Guide · Engineers

Vector search for stock chart patterns — pgvector at production scale.

Chart Library indexes ~25 million chart-pattern embeddings (256 dimensions, self-supervised) in pgvector on TimescaleDB and serves nearest-neighbor queries at ~100ms median latency. This guide covers the schema, IVFFlat tuning, embedding pipeline, and the operational gotchas we’ve hit running it at scale.

If you’re evaluating pgvector for a finance vector search workload, this is the production playbook.

Why pgvector instead of a dedicated vector DB?

Three reasons we picked pgvector over Pinecone / Weaviate / Milvus / Qdrant:

  1. One database for everything. Embeddings, metadata (sector, vol regime, news features), forward returns, user accounts — all in one Postgres. No data sync between systems. Joins work.
  2. TimescaleDB hypertables for the bar data. Minute-bar volume across 19K symbols × 10 years is well past a billion rows. TimescaleDB compression turns this into manageable disk usage; the same database serves both.
  3. Operational simplicity. One backup story, one connection pool, one auth model. No vendor risk.

The tradeoff: pgvector’s ANN performance lags dedicated vector DBs by 2-5x at scale. For our 25M corpus, IVFFlat at lists=200 gets us ~100ms median queries — fine. At 100M+ embeddings we’d revisit.

Schema

-- Enable extensions
CREATE EXTENSION IF NOT EXISTS vector;
CREATE EXTENSION IF NOT EXISTS timescaledb;

-- Embedding table — keyed on (symbol, date, scale)
CREATE TABLE bar_embeddings_v5 (
    symbol      TEXT      NOT NULL,
    date        DATE      NOT NULL,
    scale       TEXT      NOT NULL,  -- '5m', '15m', '30m', '1h', '1d'
    embedding   vector(256) NOT NULL,
    PRIMARY KEY (symbol, date, scale)
);

-- Approximate nearest neighbor index
-- lists=200 chosen via empirical tuning; sqrt(N) heuristic gives ~5000
-- but 200 saturates query throughput for our workload.
CREATE INDEX bar_embeddings_v5_ivfflat_idx
    ON bar_embeddings_v5
    USING ivfflat (embedding vector_l2_ops)
    WITH (lists = 200);

-- Pre-computed forward returns cache (also one of the load-bearing tables)
CREATE TABLE forward_returns_cache (
    symbol  TEXT NOT NULL,
    date    DATE NOT NULL,
    ret_1d  DOUBLE PRECISION,
    ret_5d  DOUBLE PRECISION,
    ret_10d DOUBLE PRECISION,
    PRIMARY KEY (symbol, date)
);

The IVFFlat tuning that matters

The two parameters: lists at index build time, probes at query time. Both control the speed/recall tradeoff.

-- Set probes per session
SET ivfflat.probes = 10;

-- Or per query
SELECT ... FROM bar_embeddings_v5
ORDER BY embedding <-> $1::vector
LIMIT 300;
-- (probes inherited from session)

The shape of the recall/latency curve we measured:

  • lists=200, probes=1: 30ms median, recall@300 ≈ 75%
  • lists=200, probes=10: 100ms median, recall@300 ≈ 94% — production setting
  • lists=200, probes=50: 250ms median, recall@300 ≈ 99%
  • lists=4096, probes=20: 400ms median, recall@300 ≈ 98% (over-indexed for our workload)
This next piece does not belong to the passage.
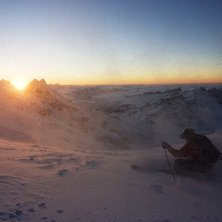 Solnedg&aring;ng &ouml;ver Steinberg. Det blev en m&ouml;rk tur. Foto: Johan Hellman. &Aring;kare: Daniel Anger.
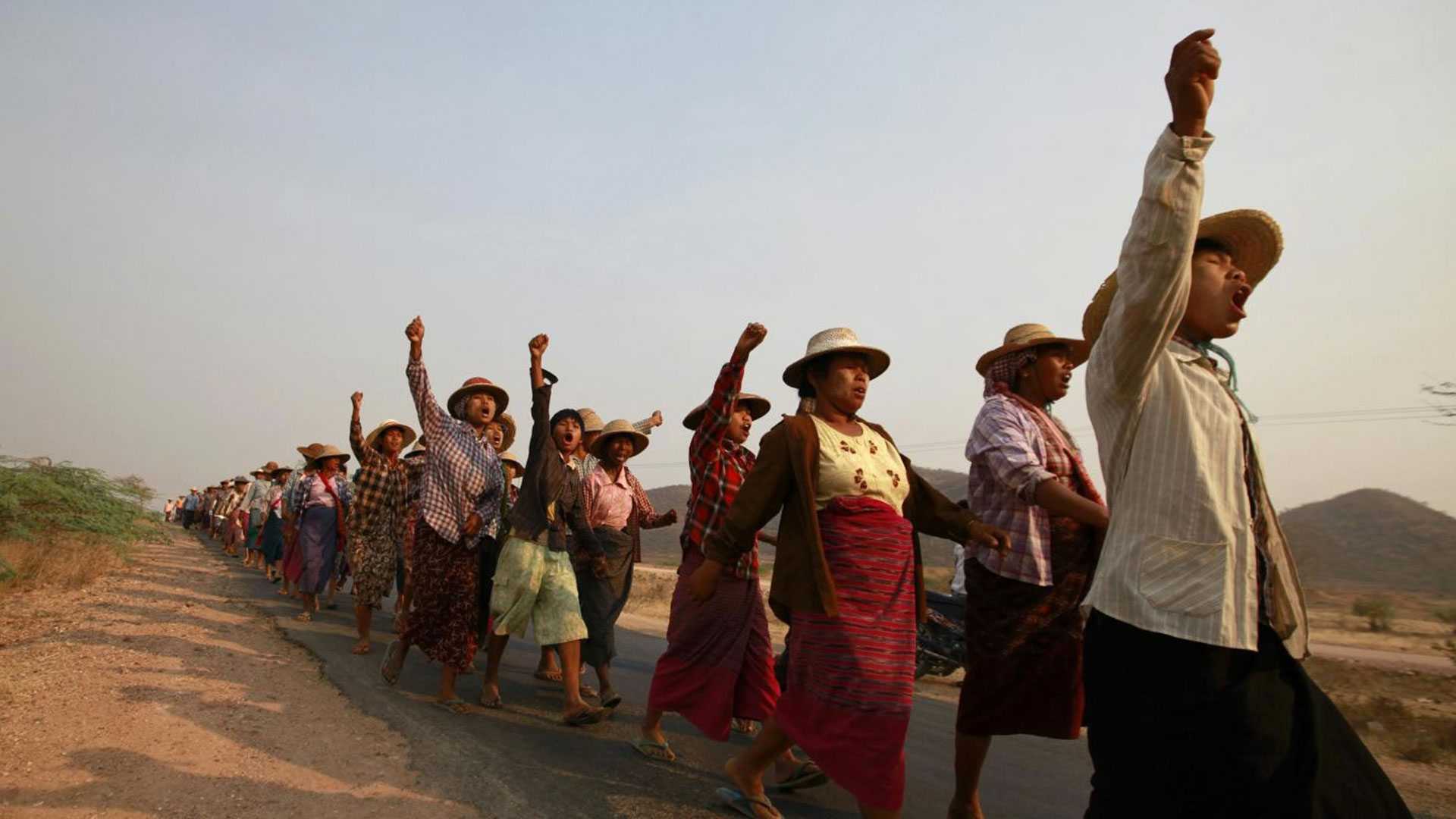 Des villageois protestent contre un projet de mine de cuivre devant la montagne Letpadaung, lors d’une visite de Aung San Suu Kyi dans la commune de Sarlingyi en mars 2013 | Birmanie, 2013 | ©REUTERS/Soe Zeya Tun.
We use lists=200, probes=10 for V5. The 6% recall loss vs exhaustive search is statistically invisible in cohort outcomes — the missing analogs were marginal in the embedding space and their forward returns are within distribution of the retrieved 300.

Same-symbol exclusion at retrieval time

The non-obvious gotcha: if you retrieve nearest neighbors of a query anchor, several adjacent days for the same symbol look similar (chart shape barely changes day-to-day). Including those adjacent days produces a meaninglessly tight cohort.

-- Wrong: returns adjacent same-symbol days as "analogs"
SELECT symbol, date FROM bar_embeddings_v5
WHERE scale = '1h' AND NOT (symbol = 'NVDA' AND date = '2024-08-05')
ORDER BY embedding <-> $1::vector LIMIT 300;

-- Right: exclude same-symbol within ±10 calendar days
SELECT symbol, date FROM bar_embeddings_v5
WHERE scale = '1h'
  AND NOT (symbol = 'NVDA'
           AND date BETWEEN '2024-08-05'::date - INTERVAL '10 days'
                        AND '2024-08-05'::date + INTERVAL '10 days')
ORDER BY embedding <-> $1::vector LIMIT 300;

See symbol-disjoint evaluation for the deeper discipline this is part of.

Embedding pipeline

The embedding model is the load-bearing piece. We use 256-dim self-supervised embeddings trained on minute-bar data with masked-autoencoder + contrastive losses. The pipeline:

# Nightly job (Tue-Sat after market close)
def compute_embeddings_for_date(date_str):
    """Compute V5 embeddings for all symbols on a given trading day."""
    universe = get_active_symbols(date_str)  # ~19,000 symbols
    for symbol in universe:
        for scale in ['5m', '15m', '30m', '1h']:
            window = load_bars(symbol, date_str, scale)
            if len(window) < REQUIRED_BARS[scale]:
                continue
            embedding = model.encode(window)  # 256-dim vector
            upsert_embedding(symbol, date_str, scale, embedding)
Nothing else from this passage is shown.